Es, por tanto, esa novela la primera en la que Dueñas elige a los protagonistas antes que el lugar en el que desarrollará las historias. De hecho, las hermanas Arenas en lugar de “ir” a Nueva York, estuvieron cerca de hacerlo a Argentina –lo descartó porque ya muchas familias argentinas de origen español han contado sus historias- e incluso a Australia, dada la voluntad durante años del franquismo y la Iglesia Católica de enviar mujeres allí, “lo que daría para una novela que yo ya no voy a escribir, pero que podría haberlo hecho”, señaló.

 

Agradecimiento a James D. Fernández

Si las hijas del capitán, las tres hermanas Arenas finalmente se desplazan desde el barrio del Corralón de Málaga, que no querían abandonar, hasta la Calle 14 de Nueva York, fue seguramente por una persona, James D. Fernández, el director estos días en los Cursos de las señaladas jornadas sobre la emigración española en Estados Unidos. Dueñas cuenta que en la preparación de La templaza comenzó a saber de esas historias de españoles llegados a Estados Unidos y que cuando comenzó a profundizar en ello, pronto todo le condujo hasta el libro “Invisible emigrants” y los nombres de Luis Argeo y James Fernández. Decidió ir a Nueva York a conocer a James Fernández y a que le enseñara aquel Nueva York que vivieron  muchos españoles entre 1868 y 1945.

 

En sus visitas –que se repitieron una y otra vez hasta que presentó precisamente en Nueva York su obra- Dueñas no solo eligió los escenarios concretos de la Calle 14 en los que iba a situar a “sus chicas” y su restaurante El Capitán, sino también conoció a muchos de aquellos inmigrantes, personas con nombres y apellidos, con vivencias e historias que contar, con álbumes de fotos que mostrar.
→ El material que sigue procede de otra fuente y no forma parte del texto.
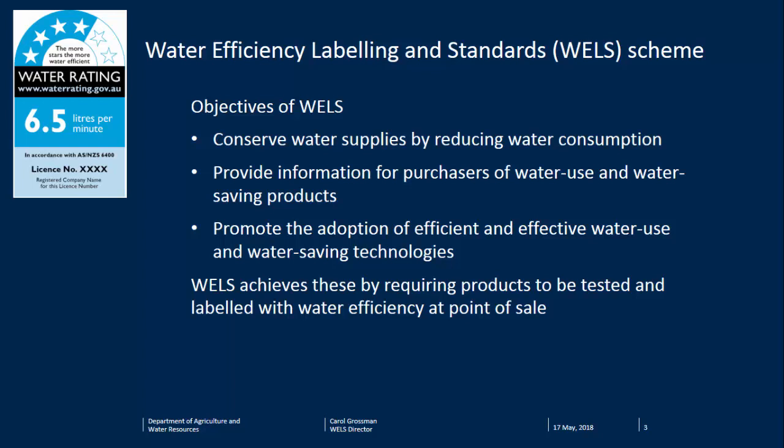The key objective of WELLS is to conserve water supplies by reducing water consumption. The other objectives are about providing information for purchasers of water-using or water-saving products, and promoting the adoption of new or more efficient technologies. Providing information for purchasers supports innovation — if you come up with a better product, it gets a higher star rating and looks more attractive to consumers. People at the cutting edge of water-saving innovations tend to really support WELLS because it highlights their products' advantages.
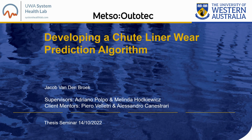Hello and welcome to my thesis presentation for the Master of Data Science. My name is Jacob Vandenbrook, and my project has been sponsored by Mezzo Autotech, an international mining services company. My project is titled 'Developing a Chute Liner Wear Prediction Algorithm'.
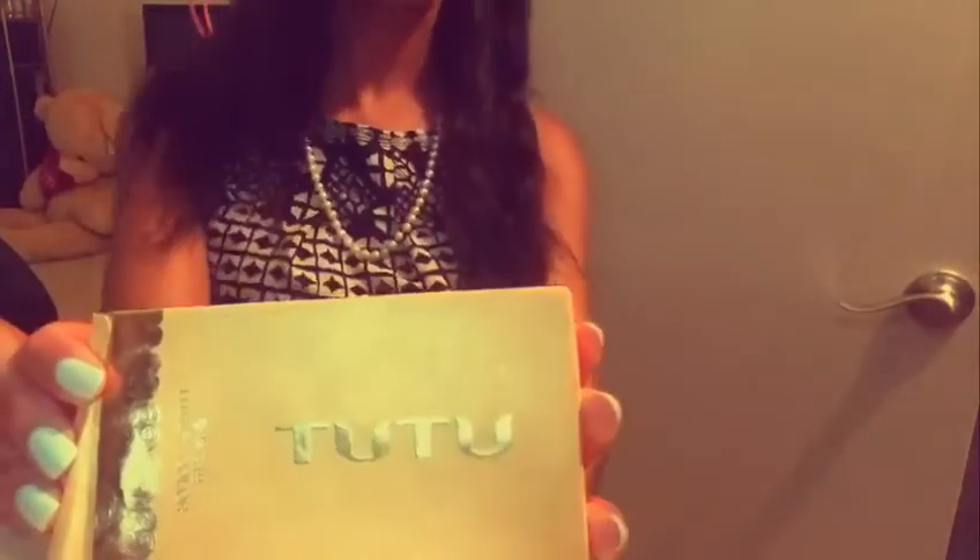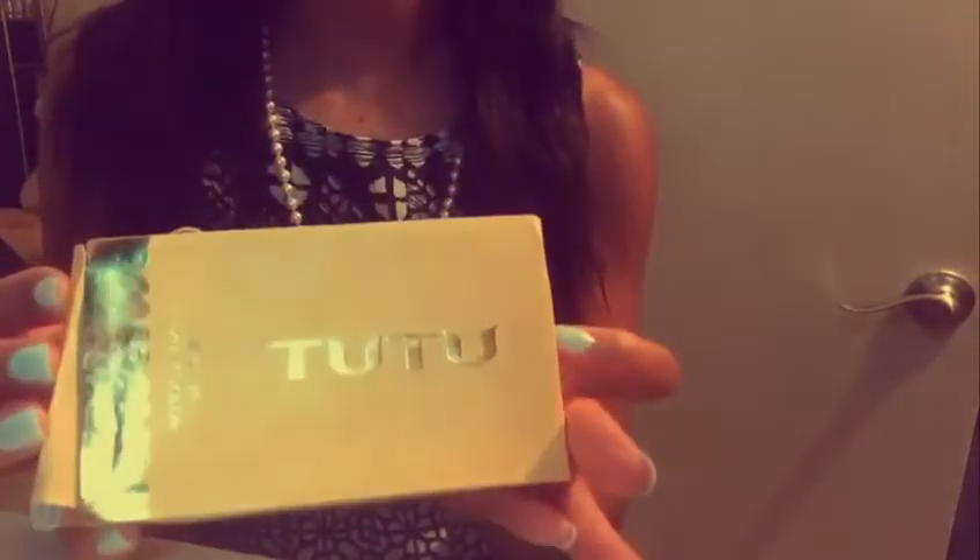I'm super excited. I just opened up my box of Tutu Luxe lipstick that I got from the pink room, and I was so excited that I had to share it with you guys.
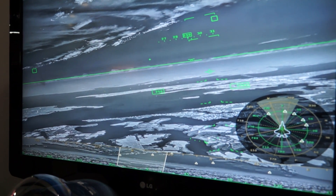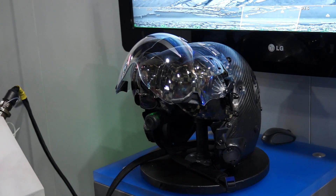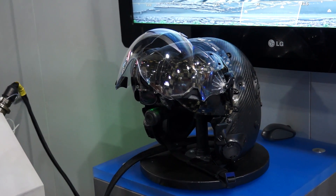We've shipped over 6,000 helmet systems to date, and the F-35 helmet is our latest state-of-the-art design for the F-35 Lightning II.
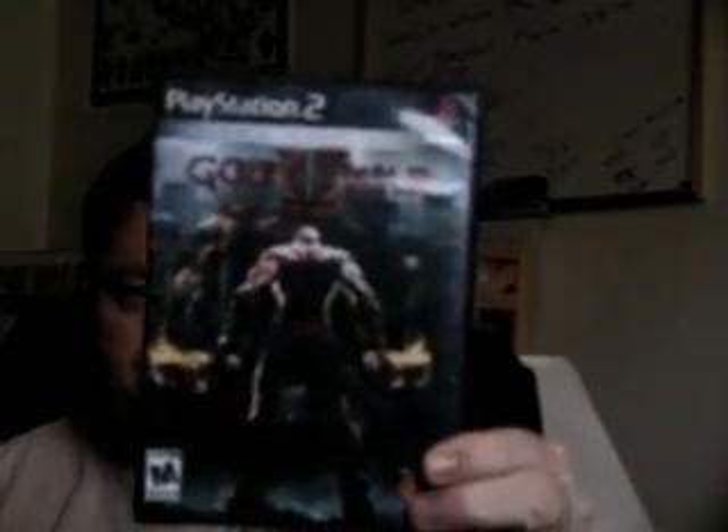For $8 I got God of War 2, and it came with two discs and the manual as well. I bought this from my local video rental place.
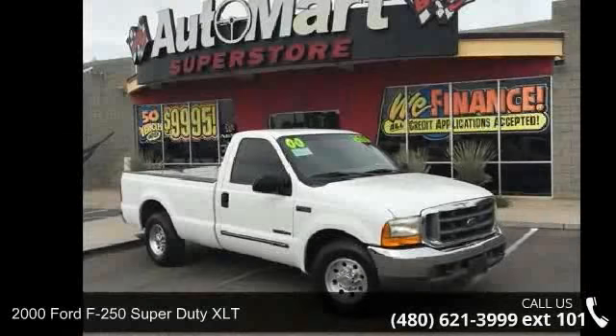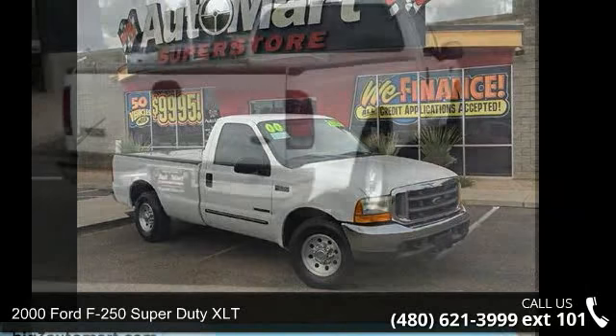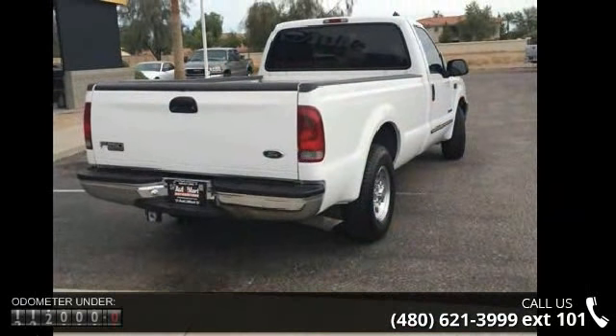Arrive in style with this 2000 Ford F-250 Super Duty XLT. If you are looking for an automobile with great features, look no further.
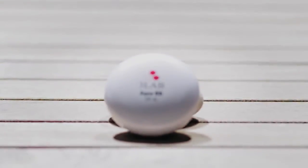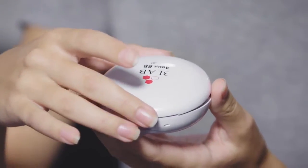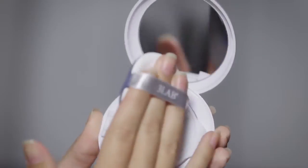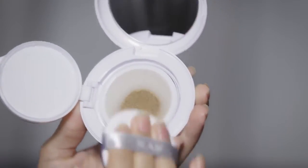Aqua Bebe SPF 40 is a compact, lightweight and easy to apply. It provides sheer natural lightweight coverage and comes in three shades for many skin tones, all with an SPF of 40.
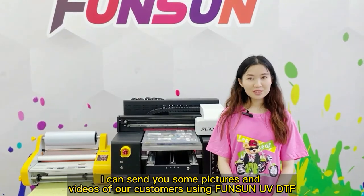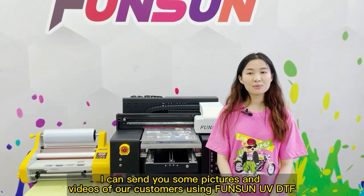I can send you some pictures and videos of our customers using Funson UVDTF.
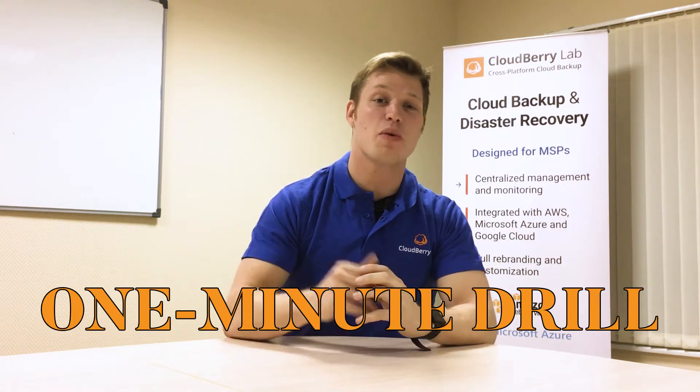Hello and welcome to the One Minute Drill, brought to you by Cloudberry Lab. Imagine you wake up tomorrow morning, you go downstairs, you have your morning cup of coffee and you go over to your office, your desk, and you find that your computer has been completely destroyed or it's completely lost.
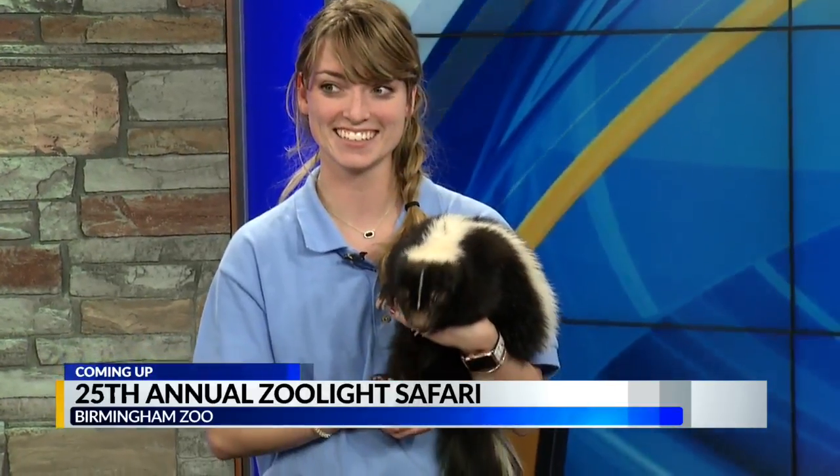Thank you to Rebecca and Pepe so much for being here today — he sure is cute, and we really appreciate having you guys in the studio. We're going to have more info for you on the CBS 42 News app as well as online. Keep it right here, we'll be right back.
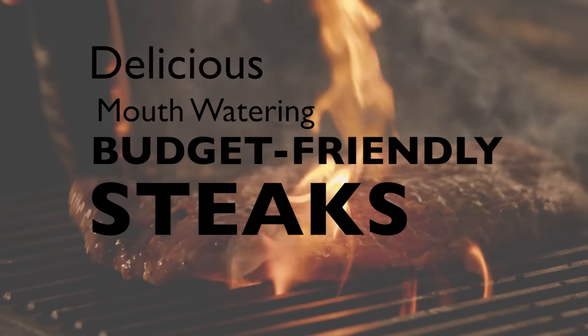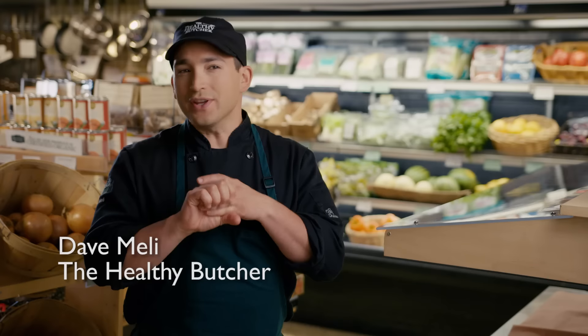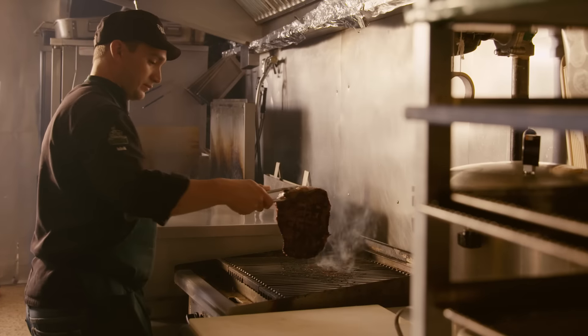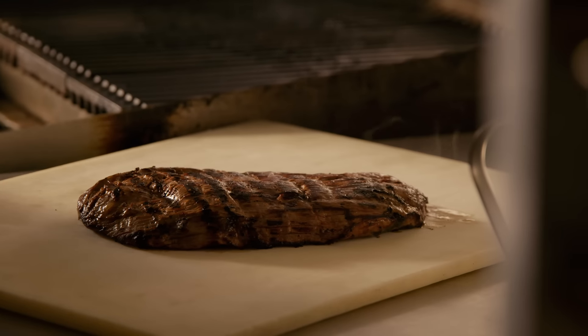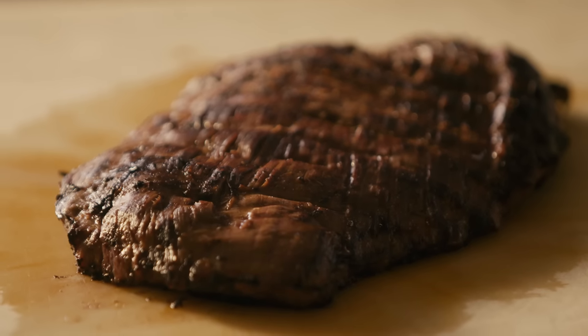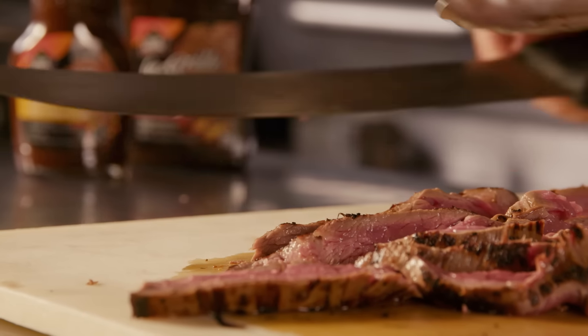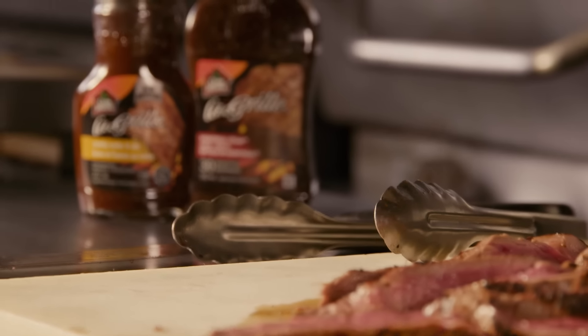When I think of skirt steak, flank steak, and bavette, I think of a steak that can be just as tender as a ribeye or a sirloin — but it all comes down to technique. You cook your steak, then you let it rest, and then you have to slice it against the grain nice and thin. And if you do that, you're going to have a perfect mouth-watering and tender steak every single time.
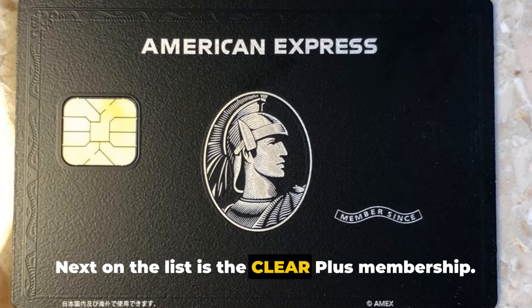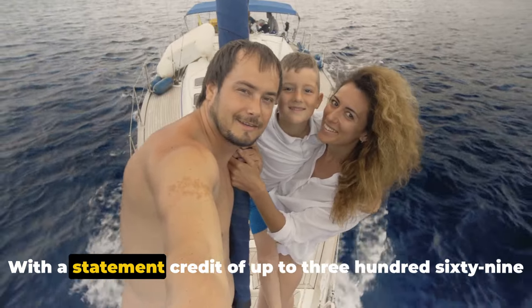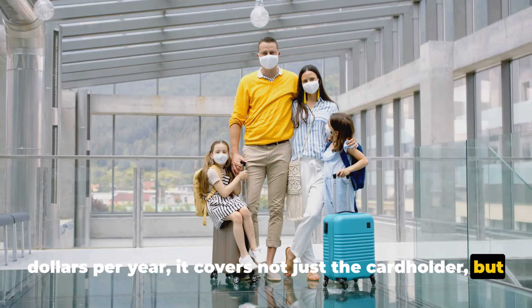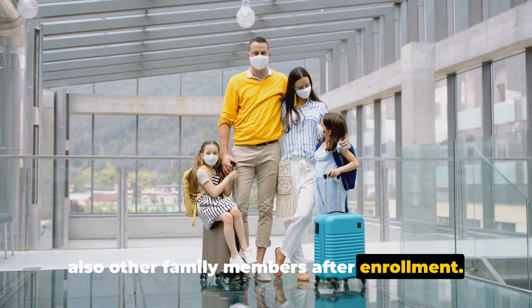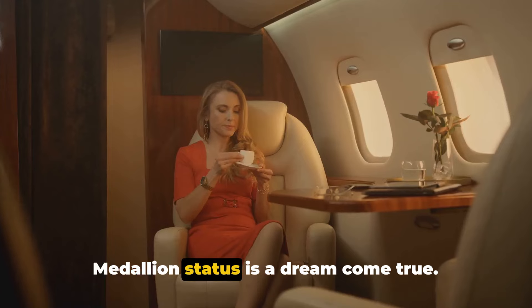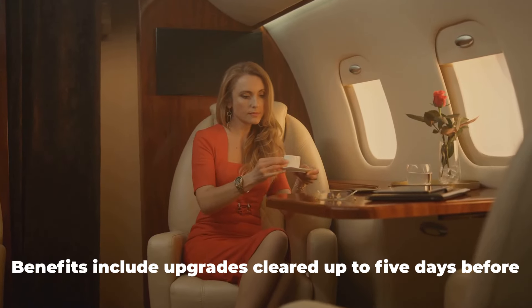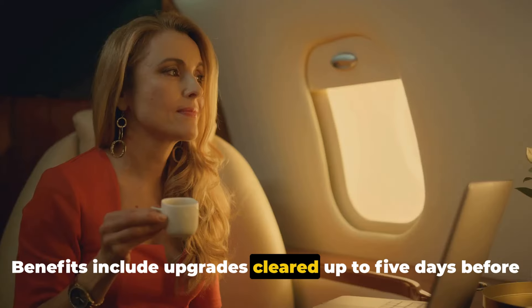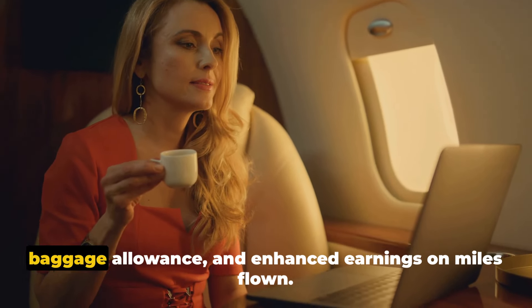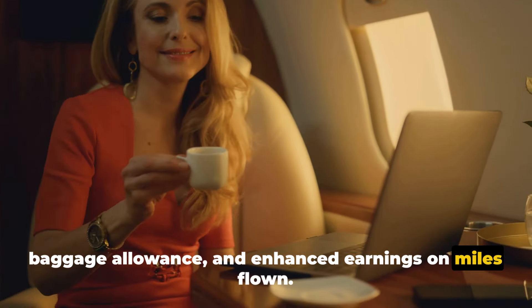Next on the list is the Clear Plus membership, with a statement credit of up to $369 per year — it covers not just the cardholder but also other family members after enrollment. And for those who love to travel, the Delta Platinum Medallion status is a dream come true. Benefits include upgrades cleared up to five days before departure, waived re-deposit and change fees for awards, baggage allowance, and enhanced earnings on miles flown.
De aquellas conversaciones, imágenes familiares, confesiones y anécdotas, la escritora fue tejiendo la amalgama de pequeñas historias que se cruzan en su novela. En sus personajes de ficción hay mucho de la vida de Luz Castaño, de Dolores y Manuel Alonso, de su hija “Castigo de Dios” –así apodada por una divertida anécdota en la que de pequeña dijo en el colegio que ese era su apodo porque así la llamaba su abuela cada vez que la veía- por Mani Zapata, por los Salmerón, por Virtudes y Manolo, por Toni Carreño… Dueñas fue leyendo diferentes fragmentos de la obra inspirados por cada uno de ellos.

 

La información sentimental

“Gracias a la iniciativa que ellos tuvieron, al deseo de mantener vivos sus recuerdos y los de sus mayores y al trabajo ingente de todos los organizadores de este curso y todos los que velan porque la memoria de nuestros mayores permanezca viva, en álbumes, en cajas de membrillo, donde sea… hoy tenemos información veraz y rigurosa sobre el pasado y, lo más importante, información sentimental de aquella gente, de la dureza de la emigración, de historias de valentía, de coraje, de sacrificio constante, de desarraigo, nostalgia, de reinventarse, de seguir adelante…”, concluyó la escritora, antes de confesar, “ahora que no nos escuchan”, que este es el libro que “más he disfrutado” por toda “la peripecia verdadera que hay detrás, pero quizá porque es un libro que, más allá de la ficción, constituye un homenaje a quienes vivieron y viven la aventura a menudo épica y casi siempre incierta de la emigración”.